- Exercise instructions -
Where the records below reach the line containing "Snapdragons (kolorowe zdjęcie)", start transcribing, and end with the line containing "3.1 Zelle - Gewebe - Organismus", exactly and with nothing else added.
Data section START
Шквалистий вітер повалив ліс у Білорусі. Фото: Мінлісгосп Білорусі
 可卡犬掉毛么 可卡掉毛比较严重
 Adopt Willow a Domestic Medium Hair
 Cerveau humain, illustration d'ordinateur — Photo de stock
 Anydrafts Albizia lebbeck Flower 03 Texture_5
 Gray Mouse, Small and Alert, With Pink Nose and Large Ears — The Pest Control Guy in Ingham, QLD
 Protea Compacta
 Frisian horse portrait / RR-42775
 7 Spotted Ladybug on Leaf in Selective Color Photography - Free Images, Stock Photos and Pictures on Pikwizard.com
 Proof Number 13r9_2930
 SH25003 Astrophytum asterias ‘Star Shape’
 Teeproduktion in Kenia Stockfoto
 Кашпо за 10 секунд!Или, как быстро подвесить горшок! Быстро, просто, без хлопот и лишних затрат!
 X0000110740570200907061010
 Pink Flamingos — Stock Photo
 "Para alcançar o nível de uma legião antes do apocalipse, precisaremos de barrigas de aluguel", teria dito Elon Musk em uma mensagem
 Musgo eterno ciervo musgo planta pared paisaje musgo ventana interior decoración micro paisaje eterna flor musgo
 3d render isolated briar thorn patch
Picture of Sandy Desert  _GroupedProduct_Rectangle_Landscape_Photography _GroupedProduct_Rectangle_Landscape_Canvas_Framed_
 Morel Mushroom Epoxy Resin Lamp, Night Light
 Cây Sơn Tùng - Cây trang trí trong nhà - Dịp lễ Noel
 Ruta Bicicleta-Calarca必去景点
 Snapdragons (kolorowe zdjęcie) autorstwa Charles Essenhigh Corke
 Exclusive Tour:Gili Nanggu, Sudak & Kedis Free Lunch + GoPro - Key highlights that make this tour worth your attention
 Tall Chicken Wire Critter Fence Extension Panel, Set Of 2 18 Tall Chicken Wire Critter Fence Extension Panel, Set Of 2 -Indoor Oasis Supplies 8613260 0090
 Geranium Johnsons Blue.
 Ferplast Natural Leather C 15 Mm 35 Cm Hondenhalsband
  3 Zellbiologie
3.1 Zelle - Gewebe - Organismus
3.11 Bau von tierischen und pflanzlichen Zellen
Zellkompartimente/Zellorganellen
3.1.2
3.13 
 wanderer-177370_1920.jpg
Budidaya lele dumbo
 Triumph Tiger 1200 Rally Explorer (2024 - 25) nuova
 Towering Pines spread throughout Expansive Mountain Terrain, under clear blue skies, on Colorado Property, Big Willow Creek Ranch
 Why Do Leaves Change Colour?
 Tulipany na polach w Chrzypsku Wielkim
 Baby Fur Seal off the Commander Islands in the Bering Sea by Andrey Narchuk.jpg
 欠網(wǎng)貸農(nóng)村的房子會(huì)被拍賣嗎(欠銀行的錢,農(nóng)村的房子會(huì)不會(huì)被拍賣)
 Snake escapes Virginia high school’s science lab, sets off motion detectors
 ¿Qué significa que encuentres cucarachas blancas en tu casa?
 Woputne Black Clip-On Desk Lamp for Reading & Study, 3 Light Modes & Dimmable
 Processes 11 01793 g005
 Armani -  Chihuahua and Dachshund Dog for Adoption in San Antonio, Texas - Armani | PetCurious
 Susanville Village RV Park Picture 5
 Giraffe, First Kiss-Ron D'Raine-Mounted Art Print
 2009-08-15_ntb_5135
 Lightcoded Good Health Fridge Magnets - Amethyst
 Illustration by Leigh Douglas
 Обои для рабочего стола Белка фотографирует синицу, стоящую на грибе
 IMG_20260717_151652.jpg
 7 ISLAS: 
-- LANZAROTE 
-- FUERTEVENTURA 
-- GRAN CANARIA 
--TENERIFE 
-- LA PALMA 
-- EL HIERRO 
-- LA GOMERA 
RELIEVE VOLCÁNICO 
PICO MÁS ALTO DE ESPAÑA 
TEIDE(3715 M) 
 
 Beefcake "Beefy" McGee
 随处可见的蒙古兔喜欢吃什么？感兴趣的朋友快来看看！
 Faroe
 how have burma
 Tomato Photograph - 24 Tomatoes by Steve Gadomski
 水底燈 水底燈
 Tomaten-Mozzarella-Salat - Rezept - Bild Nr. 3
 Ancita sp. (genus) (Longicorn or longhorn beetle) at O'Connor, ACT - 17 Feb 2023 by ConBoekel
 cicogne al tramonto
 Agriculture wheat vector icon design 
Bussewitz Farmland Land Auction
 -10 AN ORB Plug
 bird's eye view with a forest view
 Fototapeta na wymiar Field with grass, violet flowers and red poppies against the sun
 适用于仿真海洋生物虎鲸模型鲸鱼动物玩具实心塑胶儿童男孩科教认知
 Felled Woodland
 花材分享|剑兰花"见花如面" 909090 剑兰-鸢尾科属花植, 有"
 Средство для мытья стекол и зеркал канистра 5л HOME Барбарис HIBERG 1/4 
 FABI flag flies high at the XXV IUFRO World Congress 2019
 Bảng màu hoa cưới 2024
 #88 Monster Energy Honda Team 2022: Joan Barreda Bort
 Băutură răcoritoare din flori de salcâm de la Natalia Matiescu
Data section END
- Solved exercise -
 Snapdragons (kolorowe zdjęcie) autorstwa Charles Essenhigh Corke
 Exclusive Tour:Gili Nanggu, Sudak & Kedis Free Lunch + GoPro - Key highlights that make this tour worth your attention
 Tall Chicken Wire Critter Fence Extension Panel, Set Of 2 18 Tall Chicken Wire Critter Fence Extension Panel, Set Of 2 -Indoor Oasis Supplies 8613260 0090
 Geranium Johnsons Blue.
 Ferplast Natural Leather C 15 Mm 35 Cm Hondenhalsband
  3 Zellbiologie
3.1 Zelle - Gewebe - Organismus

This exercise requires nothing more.